I was going to link to this poem today — it is one of my favorites and I try to read it every spring. But it is gray and rainy here, so I thought we needed something more upbeat.

In my family, I am notorious for becoming infatuated with a song and playing it obsessively, until EVERYONE including the Slobbering Beast groans when they hear the first few notes.  (My son recently reminded my husband how lucky he was not to carpool with us in the morning because “You don’t have to hear about Jane and that dude wearing a corset all the time. Which is just weird.” Lou Reed, wherever you are, I salute you.)

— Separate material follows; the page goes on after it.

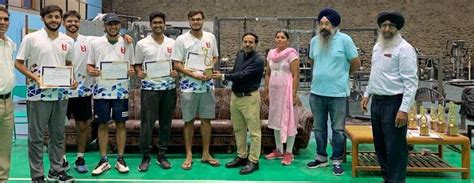Inter Technology Universities Sports Association is held at PEC ...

But sometimes I hit on a winner, like this one. It has become our morning wake-up song, our roll down the windows and sing on the way home from school song, our dance around the kitchen after dinner song. Play it a few hundred times — it grows on you. (And read the ticker tape at the bottom if you need a laugh.)



Liz Michalski


  1. Vaughn Roycroft on April 15, 2014 at 10:03 am

    Thought-provoking poem, good song, great sentiments. Thanks for passing them along, Liz!

    • liz on April 16, 2014 at 7:13 am

      My pleasure, Vaughn — thanks for stopping by!

  2. Norman on April 15, 2014 at 11:29 am

    I love “Naming of Parts.” Henry Reed:
    “Japonica Glistens like coral in all of the neighboring gardens,
    And to-day we have naming of parts . . . “

    • liz on April 16, 2014 at 7:14 am

      It is one of my favorites too, Norman. I think I first read it in high school and it is a poem that has stayed with me all these years.

  3. Norman on April 15, 2014 at 11:32 am

    “And this you can see is the bolt. The purpose of this
    Is to open the breech, as you see. We can slide it
    Rapidly backwards and forwards: we call this
    Easing the spring. And rapidly backwards and forwards
    The early bees are assaulting and fumbling the flowers:
    They call it easing the Spring.”

  4. Jan O'Hara (Tartitude) on April 15, 2014 at 12:03 pm

    Wow. I loved the poem, but the audio version was even more captivating. I don’t make a practice of listening to audiobooks, but I’ve been missing out.

    • liz on April 16, 2014 at 7:15 am

      It’s so melancholy, Jan. I’m glad you liked it. It would be interesting to hear a modern reading. I’d always thought of the solder’s thoughts as being so wistful.